Notable deals: Created first-ever "amend to extend" in March 2010 for CB Richard Ellis Group Inc., a publicly traded commercial real estate company. "The company needed to extend debt maturities at a time when debt markets were closed," says Price, adding that Credit Suisse, which had taken CB Richard Ellis public in 2004, negotiated with its banks to give the company an extension in exchange for higher rates and a partial pay-down of their holdings. "Subsequently, Paulson & Co. agreed to put in some equity, and we did a public offering of additional equity and a concurrent high-yield bond alongside their investment," adds Price.

Market insights and outlook: "Stability in the equity markets is what's needed in order for exits and IPOs to proceed," says Price. "Until we get that stability, people will generally take a wait-and-see approach."

Notable stats: Advised on 52 PE-backed deals worth $49.32 billion in 2010 and tied for most in number and second in dollar volume, according to Dealogic. Lead agent on 16 deals YTD 2011 and 11 in 2010, according to S&P's LCD.

Deutsche Bank AG

Description: Deutsche Bank AG's financial sponsors group went from being leveraged finance-centric five years ago to a more broad-based strategy. Regularly involved in the largest sponsor-backed IPOs and led the first sponsor-backed, post-crisis IPO for KKR- and Silver Lake-backed Avago Technologies Ltd. in August 2009. In first-half 2011, 32% of its fees came from equities business, with 64% from leveraged finance and the balance from advisory.

Size: Six MDs in New York, five in London, and a senior leader each in Sydney, Hong Kong and Tokyo. A little more than 40 people globally.

Leadership: John Eydenberg, global head of financial sponsors.

Clients: More than 100 sponsors with an emphasis on the largest PE firms.

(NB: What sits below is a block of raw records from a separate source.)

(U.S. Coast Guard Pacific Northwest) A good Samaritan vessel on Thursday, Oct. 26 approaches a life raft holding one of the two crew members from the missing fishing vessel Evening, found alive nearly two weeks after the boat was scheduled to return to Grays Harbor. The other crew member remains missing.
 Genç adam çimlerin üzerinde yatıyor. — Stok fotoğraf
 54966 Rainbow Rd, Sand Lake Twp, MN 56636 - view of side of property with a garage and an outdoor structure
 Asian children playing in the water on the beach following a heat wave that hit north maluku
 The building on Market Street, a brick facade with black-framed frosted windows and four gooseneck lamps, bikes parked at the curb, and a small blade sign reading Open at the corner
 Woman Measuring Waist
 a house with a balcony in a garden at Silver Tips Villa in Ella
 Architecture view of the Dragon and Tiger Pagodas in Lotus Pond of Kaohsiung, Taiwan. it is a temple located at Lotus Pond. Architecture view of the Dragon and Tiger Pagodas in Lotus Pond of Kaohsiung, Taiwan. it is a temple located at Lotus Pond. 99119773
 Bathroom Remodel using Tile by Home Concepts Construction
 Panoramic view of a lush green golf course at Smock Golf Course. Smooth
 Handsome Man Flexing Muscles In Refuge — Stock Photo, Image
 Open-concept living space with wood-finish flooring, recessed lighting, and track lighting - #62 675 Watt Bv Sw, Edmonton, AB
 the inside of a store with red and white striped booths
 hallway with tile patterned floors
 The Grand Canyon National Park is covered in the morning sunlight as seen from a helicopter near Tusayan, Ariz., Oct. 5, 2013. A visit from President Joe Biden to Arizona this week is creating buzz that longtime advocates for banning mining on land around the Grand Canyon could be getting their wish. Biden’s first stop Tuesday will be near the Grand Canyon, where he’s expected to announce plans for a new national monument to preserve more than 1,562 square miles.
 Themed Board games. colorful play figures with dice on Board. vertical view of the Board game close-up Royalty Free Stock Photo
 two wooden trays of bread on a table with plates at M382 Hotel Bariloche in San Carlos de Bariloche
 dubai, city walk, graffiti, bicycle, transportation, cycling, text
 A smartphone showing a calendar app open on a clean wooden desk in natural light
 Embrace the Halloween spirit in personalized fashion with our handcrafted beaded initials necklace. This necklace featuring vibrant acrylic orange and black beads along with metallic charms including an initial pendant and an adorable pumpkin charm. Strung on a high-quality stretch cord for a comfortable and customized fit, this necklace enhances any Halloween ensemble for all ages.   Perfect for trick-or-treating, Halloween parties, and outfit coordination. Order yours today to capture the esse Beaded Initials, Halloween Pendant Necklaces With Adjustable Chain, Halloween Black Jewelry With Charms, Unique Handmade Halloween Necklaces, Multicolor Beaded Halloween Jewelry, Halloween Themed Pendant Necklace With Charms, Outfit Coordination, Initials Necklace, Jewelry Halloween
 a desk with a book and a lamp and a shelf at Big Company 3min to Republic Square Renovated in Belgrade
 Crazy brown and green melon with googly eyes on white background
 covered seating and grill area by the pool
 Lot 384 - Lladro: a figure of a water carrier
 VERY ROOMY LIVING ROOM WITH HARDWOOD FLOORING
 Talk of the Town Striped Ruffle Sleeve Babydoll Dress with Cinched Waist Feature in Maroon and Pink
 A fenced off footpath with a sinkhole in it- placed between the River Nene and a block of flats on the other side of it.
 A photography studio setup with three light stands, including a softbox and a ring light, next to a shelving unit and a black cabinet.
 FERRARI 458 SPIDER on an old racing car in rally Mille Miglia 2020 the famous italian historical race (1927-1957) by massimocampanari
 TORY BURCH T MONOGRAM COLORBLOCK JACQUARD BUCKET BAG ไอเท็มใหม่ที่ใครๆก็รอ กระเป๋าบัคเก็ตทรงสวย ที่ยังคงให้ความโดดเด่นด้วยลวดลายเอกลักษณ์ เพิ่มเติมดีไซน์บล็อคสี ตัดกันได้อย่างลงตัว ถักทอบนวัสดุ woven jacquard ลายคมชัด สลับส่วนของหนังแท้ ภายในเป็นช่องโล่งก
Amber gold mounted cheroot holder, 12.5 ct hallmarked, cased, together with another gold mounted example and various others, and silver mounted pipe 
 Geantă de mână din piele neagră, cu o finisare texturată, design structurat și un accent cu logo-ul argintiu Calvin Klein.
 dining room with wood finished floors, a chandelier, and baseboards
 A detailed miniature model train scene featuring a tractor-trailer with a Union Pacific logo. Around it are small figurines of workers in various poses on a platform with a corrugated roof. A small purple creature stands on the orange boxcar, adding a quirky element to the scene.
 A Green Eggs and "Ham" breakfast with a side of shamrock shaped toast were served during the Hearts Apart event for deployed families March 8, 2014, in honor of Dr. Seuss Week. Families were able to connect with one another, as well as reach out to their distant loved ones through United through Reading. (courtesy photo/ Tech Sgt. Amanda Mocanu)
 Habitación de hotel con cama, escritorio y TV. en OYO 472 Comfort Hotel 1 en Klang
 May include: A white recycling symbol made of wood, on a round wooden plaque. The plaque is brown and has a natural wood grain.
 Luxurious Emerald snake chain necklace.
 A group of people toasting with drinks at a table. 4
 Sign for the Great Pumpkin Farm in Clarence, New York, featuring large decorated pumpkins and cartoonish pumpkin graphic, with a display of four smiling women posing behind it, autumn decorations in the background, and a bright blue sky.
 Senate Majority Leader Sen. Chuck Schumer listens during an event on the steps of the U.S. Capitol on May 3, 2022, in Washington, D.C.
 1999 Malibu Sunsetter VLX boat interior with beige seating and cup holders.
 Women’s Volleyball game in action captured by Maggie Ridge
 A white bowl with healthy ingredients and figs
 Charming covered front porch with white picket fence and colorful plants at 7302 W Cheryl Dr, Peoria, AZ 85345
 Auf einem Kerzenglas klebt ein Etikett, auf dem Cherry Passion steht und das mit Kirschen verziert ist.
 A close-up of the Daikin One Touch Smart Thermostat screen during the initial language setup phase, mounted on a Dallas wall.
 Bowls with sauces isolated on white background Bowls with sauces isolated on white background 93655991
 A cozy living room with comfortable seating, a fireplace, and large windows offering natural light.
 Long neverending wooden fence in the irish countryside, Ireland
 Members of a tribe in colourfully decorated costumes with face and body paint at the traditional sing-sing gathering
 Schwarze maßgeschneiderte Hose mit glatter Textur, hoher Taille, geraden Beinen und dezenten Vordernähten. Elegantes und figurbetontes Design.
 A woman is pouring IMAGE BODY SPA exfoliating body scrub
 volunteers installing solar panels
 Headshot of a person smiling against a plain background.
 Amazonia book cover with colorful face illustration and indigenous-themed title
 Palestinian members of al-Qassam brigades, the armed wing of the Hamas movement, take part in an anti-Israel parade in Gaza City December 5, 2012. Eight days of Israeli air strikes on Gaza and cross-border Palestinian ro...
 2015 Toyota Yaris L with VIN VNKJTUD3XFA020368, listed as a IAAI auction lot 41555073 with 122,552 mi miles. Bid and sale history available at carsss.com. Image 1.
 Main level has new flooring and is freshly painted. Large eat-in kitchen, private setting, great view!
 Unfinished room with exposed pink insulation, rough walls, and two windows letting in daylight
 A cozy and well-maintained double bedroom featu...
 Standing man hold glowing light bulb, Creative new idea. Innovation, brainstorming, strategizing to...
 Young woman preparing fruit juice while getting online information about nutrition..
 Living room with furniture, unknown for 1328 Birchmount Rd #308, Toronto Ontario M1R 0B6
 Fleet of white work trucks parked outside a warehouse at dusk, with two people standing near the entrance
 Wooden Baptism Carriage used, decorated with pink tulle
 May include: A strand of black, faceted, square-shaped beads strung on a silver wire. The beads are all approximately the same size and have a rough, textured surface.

Notable deals: Univar Inc. was going public in June 2010, and Deutsche Bank, which was working on the deal, noted there were others willing to pay an IPO valuation for the business. It then ran a sales process in which its client, CD&R, prevailed, creating a 50% partnership between it and owner CVC. Deutsche Bank also worked on a CD&R deal to buy a Tyco International Ltd. spinoff and on the $1.3 billion sale of Associated Materials LLC to Hellman & Friedman in 2010.

Market insights and outlook: Existing PE portfolio companies will look to do more opportunistic tack-ons, Eydenberg says. More nimble sponsors and those with broader mandates will opportunistically buy assets including real estate and credit.

Notable stats: Deutsche Bank was lead manager on 17 PE-backed IPOs through Aug. 17, according to Dealogic.

Goldman, Sachs & Co.

Description: Goldman, Sachs & Co.'s financial sponsors group was created in 2003 to work with the largest funds. Uses firm's priority mezzanine and long-term debt funds to help finance deals. Now looking for more middle-market business, it has added asset-backed lending for middle-market sponsors and other new products to its mix.

Size: Numbers are not available, but the group has presence in North America, South America, Europe, Asia and the Middle East.

Leadership: Milton Berlinski, global head of financial sponsors investment banking. Alison Mass and Berlinski co-head the Americas financial sponsors group. Stefan Green and James McMurdo co-head the financial sponsors group in Europe, and Iain Drayton heads the business in Asia.

Clients: Approximately 200 large and middle-market sponsors.

Notable deals: Goldman provided Blackstone with a $325 million limited-recourse margin loan in July. The loan allowed Blackstone to borrow against its holdings of listed equities to generate funding on a nonrecourse basis with full-upside participation. Blackstone retained flexibility to reinvest or return funds to LPs, potentially resulting in a higher internal rate of return for the fund.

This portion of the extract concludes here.